The program is not only useful for accuracy but it helps with small numbers as well as large numbers. As an example, since we know that 99999999 times 99999999 equals 9999999800000001, we also know that 0.99999999 times 0.99999999 equals 0.9999999800000001.

You can also find some interesting patterns by multiplying large numbers. Some samples are:

111111111 times
111111111 equals
12345678987654321

11111111111111111 times
10101010101010101 equals
112233445566778898877665544332211

3333333333 times
33333333336666666667 equals
111111111111111111111111111111

37 times
3003003003003003003003003003 equals
111111111111111111111111111111

It makes you wonder what limits a computer has when it can be pushed to perform past its normal limits.

Article Written for Computer Club

Computers and Statistics by Don Grim

Computers and Statistics go together like peanut butter and jelly. Computers make it easier to calculate statistics especially when factorials (!) and powers (^) are used in the calculations. You'll hear it said that computers don't lie and statistics don't lie. As long as the input is correct, the output is correct. However, even if the output is correct, it is hard to believe sometimes.

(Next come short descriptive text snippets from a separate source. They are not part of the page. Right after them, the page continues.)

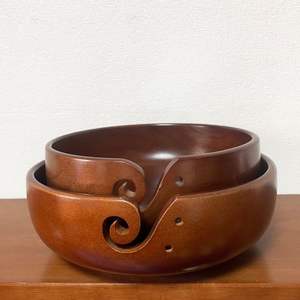 Wholesale Round Acacia Wooden Bowl in Large Size With Natural Finished Wood Salad Serving Bowl <b>Dinnerware</b> - Product Image 5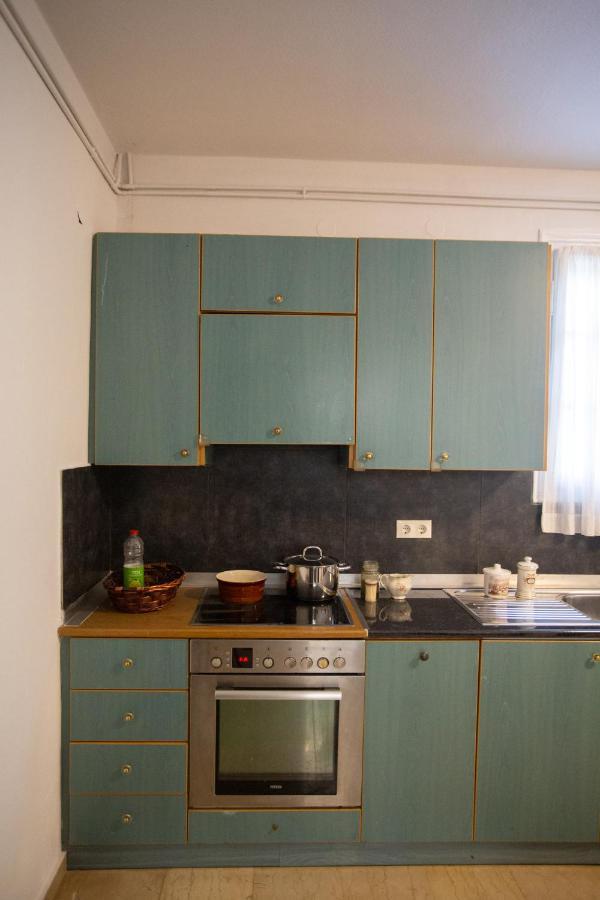 Traditional Villa Appartment With Garden, Also For Gatherings ,15 Minutes From Thessaloniki Airport Екстериор снимка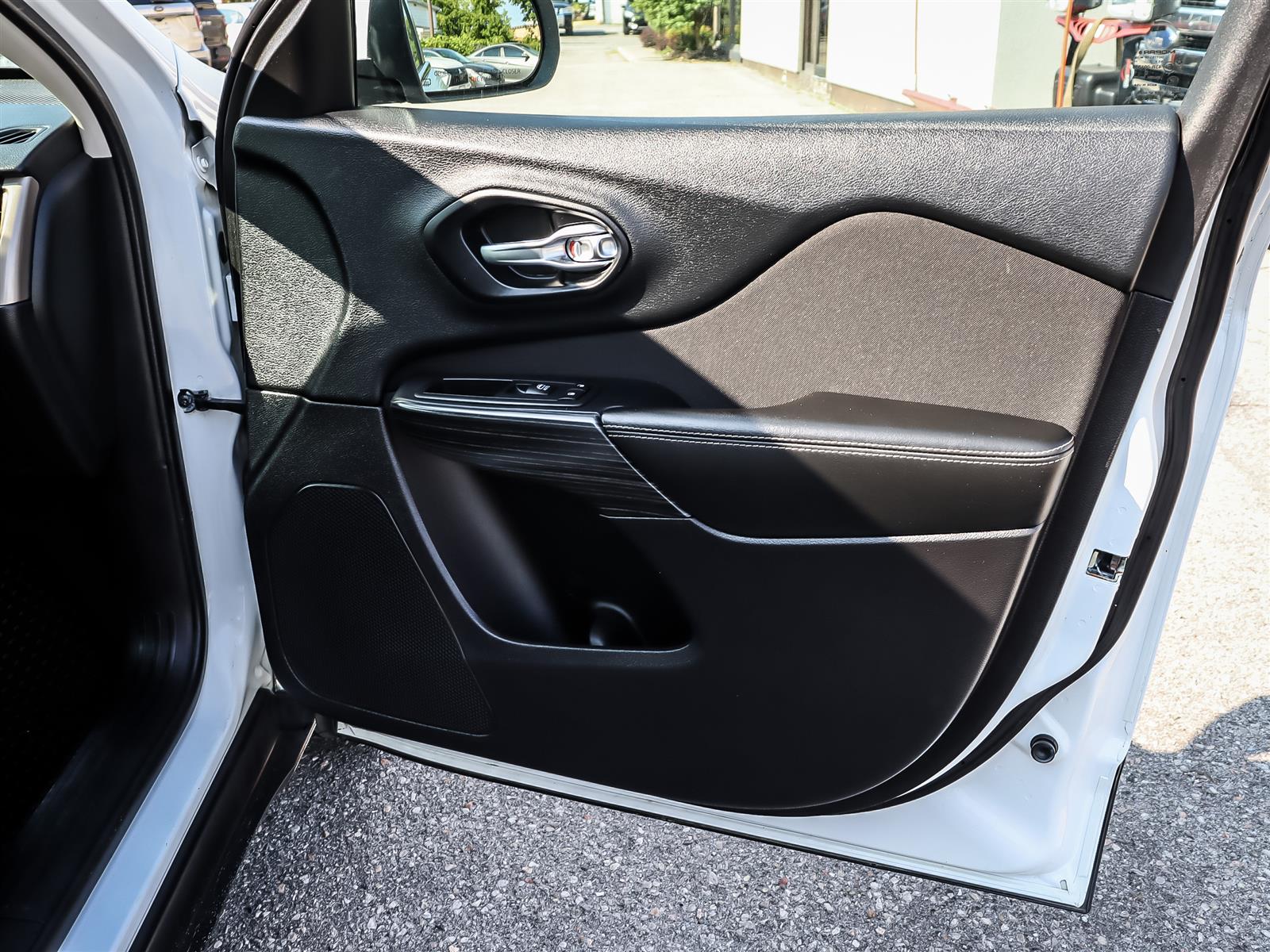 used 2015 Jeep Cherokee car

I'll give some examples of statistics that have fooled me. Even though I know the results are mathematically sound, they're the kind of statistics that are hard to believe at the top of the head.
Statistic One: If a lottery has a pick of 6 numbers out of 60 numbers, there
are 50,063,860 combinations.

Explanation: Suppose you had to pick only 2 numbers out of 4 numbers then
there are 6 combinations (1,2 1,3 1,4 2,3 2,4 and 3,4)

That translates to a formula of 4! / [(4-2)!*2!] = 6

Using the formula for the lottery, the result is:
60! / [(60-6)!*6!] = 50,063,860

Therefore, you'd have to buy 50,063,860 different lottery
tickets to insure being a winner!

Statistic Two: The probability that two people have the same birthday in a
group of 24 people is 53.83%

Explanation: Start small and suppose there are only 5 dates and 2 people.
The probability is the number of alike dates divided by the
total of all combinations. That probability is 5 / 25 or 20%

That translates to a formula of [5^2-5!/(5-2)!] / 5^2 = 20%

Using the formula for 365 dates and 24 people, the result is:
[365^24-365!/(365-24)!] / 365^24 = 53.83%

Therefore, whenever there is a group of 24 or more, you have
the betting odds in your favor if you bet that at least two
people have the same birthday!

Statistic Three: Pick two numbers at random. Multiply them together. You will
see 1 as the first digit 30% of the time. As an example:
53 x 371 = 19663 or 6 x 31 = 186 (first digit is 1)

Explanation: If you look at a slide rule, it shows all the results of
multiplications. On the slide rule, the digit 1 covers 30% of
the length of the slide rule. Slide rules allow multiplication
by adding logarithms. So, the limit of multiplied results
with the first digit at 1 is the logarithm of 2 which is
0.30103 or approximately 30%. The digits 1, 2, and 3 appear
in multiplications 60% (logarithm of 4) of the time.

Therefore, imagine if you had someone (or a computer) multiply
two numbers at random. If you bet on the first digit as 1, 2,
or 3 and had someone else bet on the digits 4 through 9, you
would still have the better odds winning 60% of the time!